Analysts tracking the group expect these three companies to rack up total sales of roughly Rs 3,600 crore by the year ending March 2008, with profits of around Rs 1,500 crore and a net worth of a little over Rs 10,000 crore.
That would be a mind-boggling growth of 228 per cent in profits (at the group level) over the previous year. Significantly, broking, the business that Indiabulls started out with, will account for just 10 per cent of revenues.
That’s not bad going at all for an eight-year-young upstart. “We were extremely lucky to be at the forefront of the India growth story. We did not have much clarity when we started with the broking business.
However, as we went about penetrating the retail market, we realised there was huge untapped potential in the consumer finance and real estate businesses,” says the 34-year-old Gehlaut. In real estate, IBREL has put together a land bank of 4,000 acres, at an acquisition cost of over Rs 2,250 crore. That makes it the country’s third-largest property developer, after DLF and Unitech—again, not bad for a company that came into being only six months ago.
The real estate push also gives Indiabulls an opportunity to diversify into another sunrise sector, that of organised retailing. Here, the promoters are exploring formats like hypermarkets and multiplex-cum-mall, and are busy acquiring properties for this purpose. Gehlaut has earmarked Rs 1,500 crore for this project, and has been busy acquiring land via auctions in cities like Madurai, Jodhpur, Hyderabad, Agra and Kanpur. “Financial services, real estate and retail are the key sectors for growth that will deliver double-digit growth over the next 20 years. Retail is a missing piece in our pie and we are seeing it as a definite business option as the sector coincides with the real estate story,” says Rattan, the 35-year-old CFO of the group, who worked as an operations manager for Schlumberger before cofounding Indiabulls.
To be sure, though, it isn’t just retail that’s on the drawing board of Indiabulls’s corporate office in South Mumbai (the company will soon move to the top three floors of the 25-storey commercial complex it is developing in central Mumbai on the land where Jupiter Mills once stood; Indiabulls had acquired the mill for Rs 400 crore).
Last fortnight, the top brass revealed to BT a clutch of proposed ventures. These include plugging gaps in the financial services portfolio. A foray into life insurance via a whollyowned subsidiary (although a foreign partner is also being mulled), a mutual fund, and a credit cards business are on the cards.Regulatory approvals are pending for all these ventures. Indiabulls is also keen to merge with an existing bank by swapping shares, rather than applying for a new licence or throwing its hat into the ring whenever a bank is put under moratorium by the Reserve Bank—the company had earlier unsuccessfully bid for United Western Bank.
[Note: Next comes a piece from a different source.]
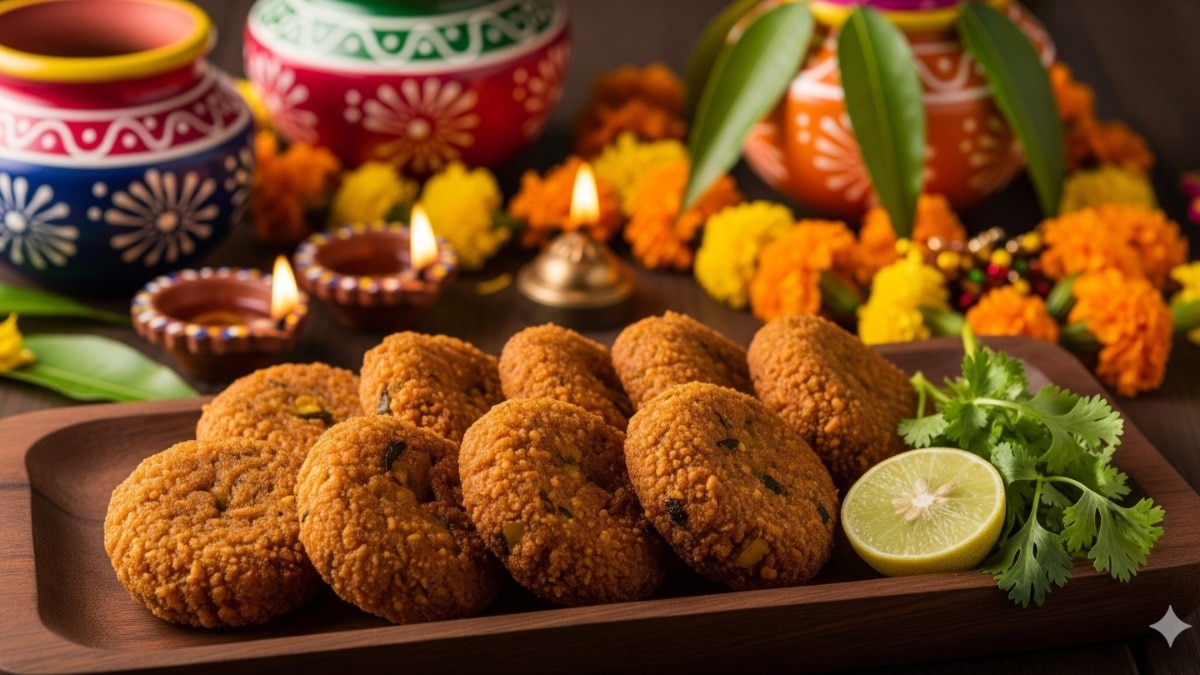 Raw banana Cutlets (Photo: AI Generated)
Outside of financial services, Indiabulls will be one of the many firms keen to redevelop the slum of Dharavi. It also has telecom in its sights—it has applied for licenses for 22 circles, although operating these circles will be a strategic partner. For its Nashik SEZ, Indiabulls has also lined up a 500 MW power plant. For all these new ventures, the group will invest a little over Rs 4,500 crore over the next couple of years.
Such aggression, such risktaking, such haste haven’t been heard of in a long time—certainly not from an eight-year-young wannabe mega-corp. Are Gehlaut and company for real, and are they here to stay? These are questions that sections of the market have been pondering for some time now. Competitors who’ve been around for decades privately wonder how Indiabulls has been able to grow at such a heady pace; others can’t hide their awe about the group’s marquee of investors. Blame it on envy or competitive rivalry, but most of Indiabulls’ competitors in the broking space have few kind words for them—all of them in anonymous whispers, needless to say.
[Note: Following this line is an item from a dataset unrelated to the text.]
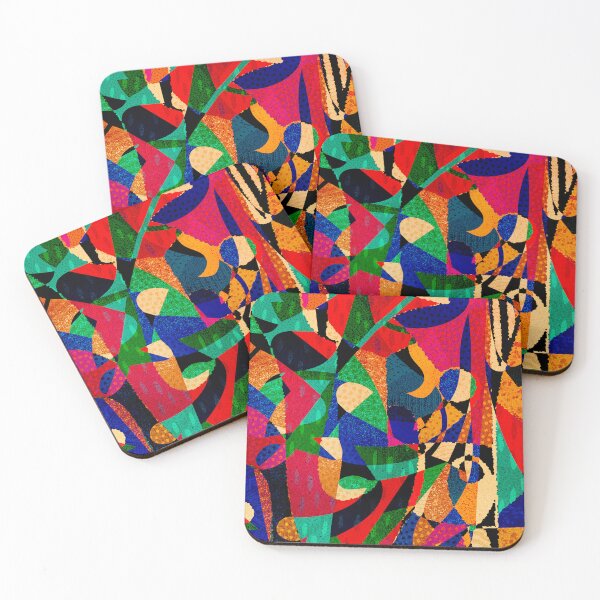 Item preview, Hidden in the Bloom - Abstract Composition designed and sold by SunbeatStudio.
The charges range from an expertise in “managing the environment” to trading with investor money, without their knowledge. Says the promoter of a Mumbai brokerage: “At times they’ve got away with murder (figuratively, of course) courtesy their financial muscle power and close proximity to 10 Janpath (the residence of Sonia Gandhi, President of the Congress party and Chairperson of the ruling UPA).” Adds a fund manager: “Corporate governance levels are very low at the group. I wouldn’t touch the stocks with a barge pole.”
Reinforcing such theories are a couple of facts: Market regulator, the Securities & Exchange Board of India (Sebi), came after Indiabulls not once, not twice but three times. This, argue detractors, is evidence of the malpractices taking place at the group. However, on all three occasions, Indiabulls emerged unscathed, getting away with just a rap on the knuckles (see Run-ins with Sebi). In fact, during last year’s IPO scam, when Sebi ordered a ban on Indiabulls for allegedly trying to corner shares during allotment, the order was dust-binned in less than 24 hours. The company top brass was apparently able to convince Sebi that the IPO shares heaped in their accounts were those of clients.
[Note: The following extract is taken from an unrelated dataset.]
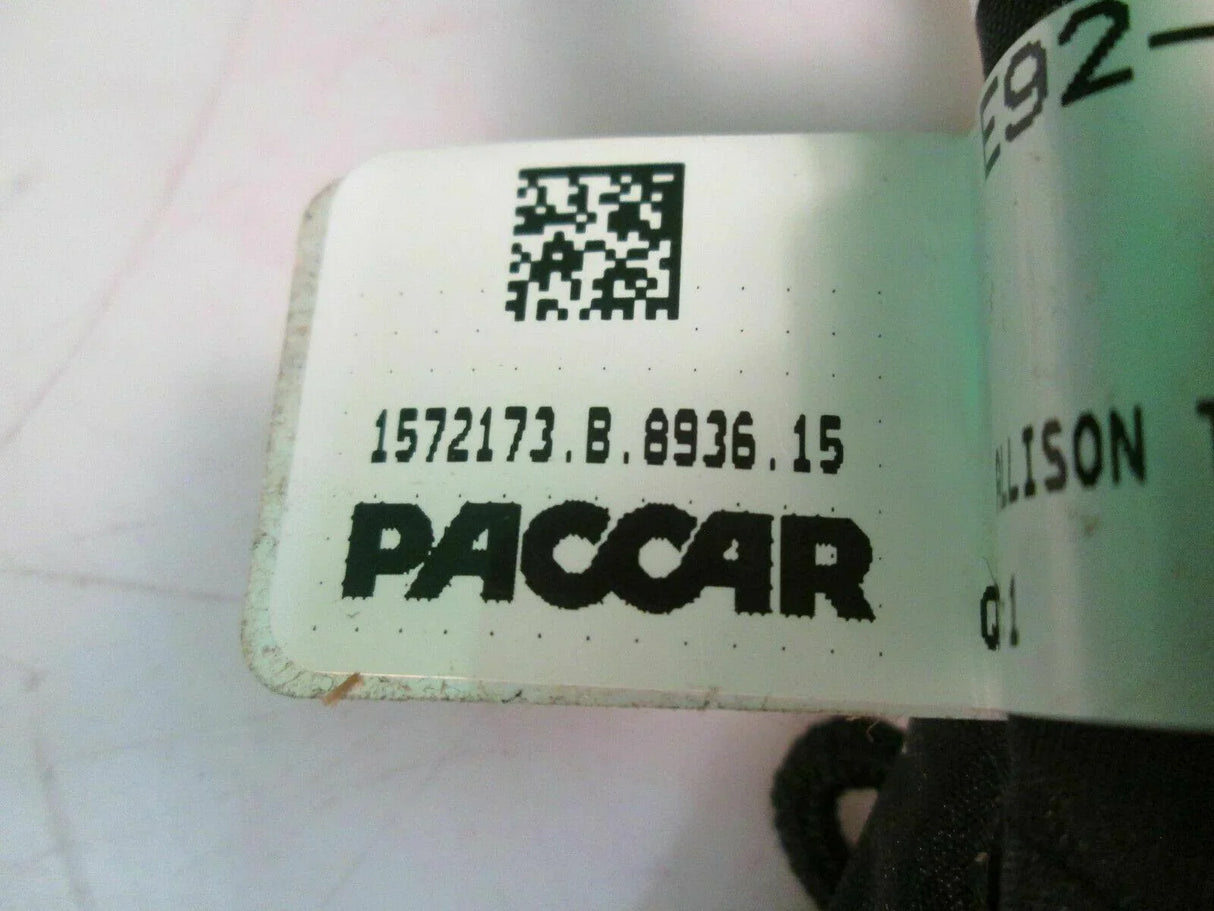 E92-1047-0140120 Genuine Paccar Transmission Harness For Allison - Truck To Trailer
As one market man points out: “The day after the order was passed the doors of Sebi were opened as early as 6:30 in the morning for them.” This proves that their connections with people in power are adequate to override the regulators, say the Indiabulls baiters. Others explain that most of the capital raised by the broking firm was used to fund market operators— a decidedly risky business but one that’s paid rich dividends. Rajesh Boghani, a dealer with the Mumbai-based Parag Parikh Financial Advisors, says: “Funding trading activity in the market was the key reason for Indiabulls to do well. It is a risky business and they managed to excel in it.”
In case you’re wondering how such blue-blooded investors agreed to invest in an ostensibly dubious firm, the detractors point to some hanky-panky here too. Saurabh Mittal, the promoter based in the US, is a partner and portfolio manager at Noonday Asset Management in the US. Before that, Mittal had joined Farallon in 2001 (after co-founding Indiabulls), the same hedge fund that today has an exposure of Rs 365 crore in the group.
Mittal may no longer be with Farallon, but Noonday manages its money. Dalal Street veterans question the ethics of a promoter also being a manager of the funds that find their way into the same company.
The Indiabulls top brass attributes such perceptions—that’s all they might be as there’s little evidence of any malpractice—to resentment amongst sections of the broking community, many of whom have been at it for decades and are still smaller than the Johnny-comelately.
Gehlaut is exasperated by such aspersions and goes on to systematically decimate each of the charges. Let’s start with the political connections. “If we had those kind of links, why then are our licences for starting new businesses (such as insurance, credit cards, mutual fund) still pending with different regulators? Why was our bid for United Western Bank rejected (IDBI eventually got it)? Fact is people envy us for what we are today. They haven’t been able to achieve what we have done in just seven-eight years,” thunders the usually soft-spoken Gehlaut.
Let’s move on to the run-ins with Sebi. Consider the first one, during the penny stock scandal of 2005, when micro-cap stocks in the B2, S and Z categories were rigged up to ridiculous levels. Sebi came down on Indiabulls, amongst other brokerages, for contributing to the increase in turnover in a few penny stocks. This in turn could be construed as price manipulation by these brokerages. Indiabulls’ defence has been that it is not possible to keep a tab on such rogue clients, and the contribution to turnover from such stocks was a minuscule part of total turnover. However, since that scandal Indiabulls decided not to trade ever in such stocks; today they restrict themselves only to the large and midcaps in the A and B1 groups.